# For Sale 2001 Jeep Wrangler Yard Truck with Meyer Plow



## theplowmeister (Nov 14, 2006)

2001 Jeep wrangler with Myer plow Mechanically great... Lots of rust.
Hard top 6 cyl 5 speed manual, Blizzak tires. Has evap leak. CV front axles new front driveshaft.


----------



## buttaluv (Dec 8, 2000)

What are you planning to replace it with?


----------



## the Suburbanite (Jan 27, 2018)

buttaluv said:


> What are you planning to replace it with?


I'm going to go out on a limb and say: "money"

GLWS


----------



## theplowmeister (Nov 14, 2006)

the Suburbanite said:


> I'm going to go out on a limb and say: "money"
> 
> GLWS


a newer Jeep Wrangler without so much rust. and a Boss plow.


----------



## buttaluv (Dec 8, 2000)

going to try to stay with a standard tranny? You sold another one of your Jeep’s while back didn’t you?

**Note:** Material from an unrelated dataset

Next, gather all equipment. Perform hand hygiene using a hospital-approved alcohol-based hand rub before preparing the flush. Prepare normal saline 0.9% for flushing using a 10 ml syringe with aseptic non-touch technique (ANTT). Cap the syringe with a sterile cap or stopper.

Did you replace it with something?


----------



## theplowmeister (Nov 14, 2006)

buttaluv said:


> going to try to stay with a standard tranny? You sold another one of your Jeep's while back didn't you? Did you replace it with something?

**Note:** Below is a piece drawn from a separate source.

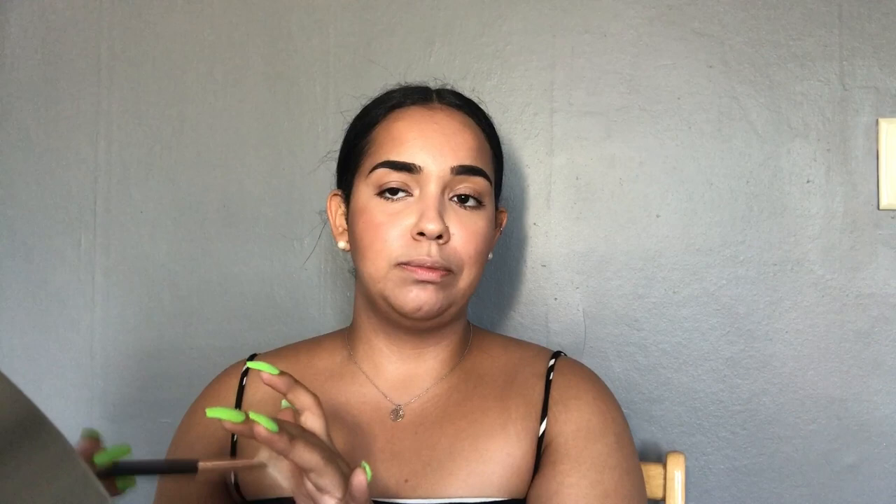I just take some highlighter — you can use whatever highlighter you use. I like to use a fan brush; this is the Morphe R12. I spray it and then I like to go into Tormaline highlighter. Once I'm in DR I'm probably going to use the bronze one because I'm going to be really dark. But I just like to put a little bit, because if I sweat I'm just going to look like I have highlighter all over my face.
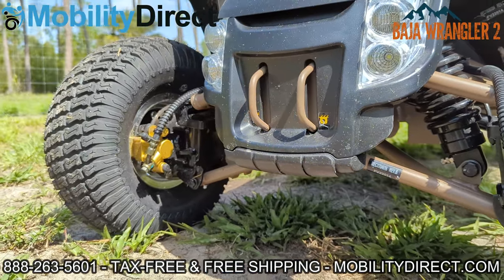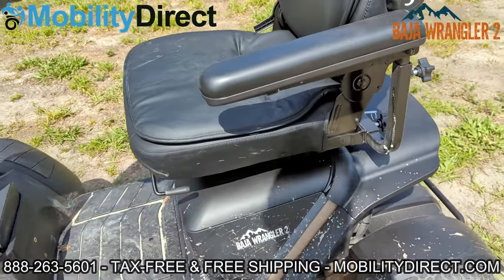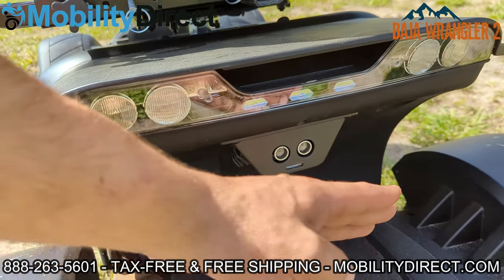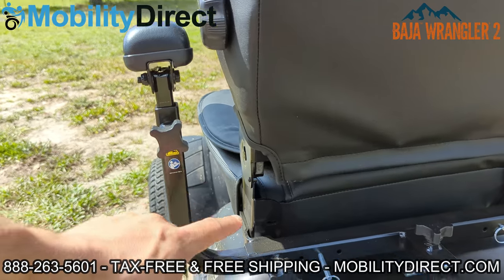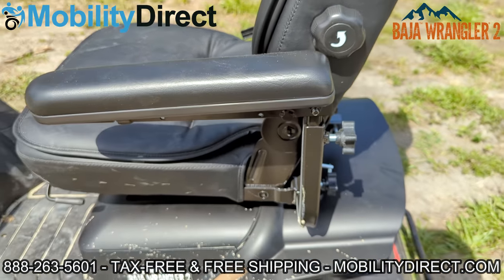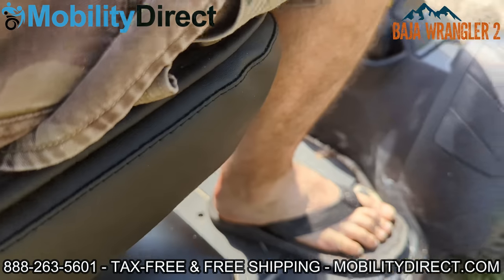They have done some new things with the tie rods — the turn rods on the front — and we'll have all that information on our website at mobilitydirect.com. I'll show you the reverse rear backup sensor, which starts beeping if you get too close to anything. It also has a universal one-inch hitch adapter on the back. The armrests are height adjustable and width adjustable. You can also raise and lower the lumbar support, slide the seat forward and backward, as well as rotating it — there is a rotation lever on the right side of the seat.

Yes last fall I sold my Green 2000 TJ with an auto, replaced it with a 2003 TJ auto.

Yes Im looking to replace the red TJ with another Jeep. Still deciding on TJ or JK. undecided on Auto or manual. my guy that will drive it is on the fence about manual or auto.


----------



## gunsworth (Nov 18, 2003)

theplowmeister said:


> Yes last fall I sold my Green 2000 TJ with an auto, replaced it with a 2003 TJ auto.
> 
> Yes Im looking to replace the red TJ with another Jeep. Still deciding on TJ or JK. undecided on Auto or manual. my guy that will drive it is on the fence about manual or auto.


Any issues with the 4 speed trans? switching to same this year from my 98, little concerned about the trans from what ive read...

you going with a htx v?


----------



## theplowmeister (Nov 14, 2006)

no problems yet with the 4 sp auto


----------